Generation NEXT…Ciara Sing fights for equity for African-American students

Ciara Sing was recently elected as president of the Black Student Union at Pittsburgh CAPA 6-12, the first sophomore to hold the position. (Photo by Jacqueline McDonald)
Ciara Sing was recently elected as president of the Black Student Union at Pittsburgh CAPA 6-12, the first sophomore to hold the position. (Photo by Jacqueline McDonald)

Most likely, you will not find your average 10th-grader with the interest in and a working knowledge of gentrification as a threat to inner-city communities—especially not enough to write a full-length, award-winning play about it.
But Ciara Sing, 15, is not average. Not only did she write this play, “The Lord’s Prayer,” she was one of only three high school division winners in City Theatre’s 2015 Young Playwrights Festival. As the author of the play, Ciara was included in every aspect of its production at City Theatre, including casting, auditions and involvement in rehearsals.

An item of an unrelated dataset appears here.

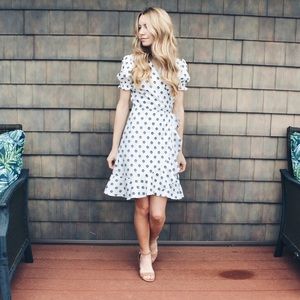 Printed boho ruffle wrap puff sleeve midi dress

She was always consulted by the theater production staff on any changes they wanted to make.
The Pittsburgh Creative and Performing Arts 6-12 student is extraordinarily intelligent, and she operates and speaks with a level of maturity that far exceeds her years. Ciara’s outstanding accomplishments are too numerous to list.
“In the 10 years Ciara has been in school, she has gotten nothing but A’s and received one B, and we watched her determination to change that,” says her father, Samuel Sing.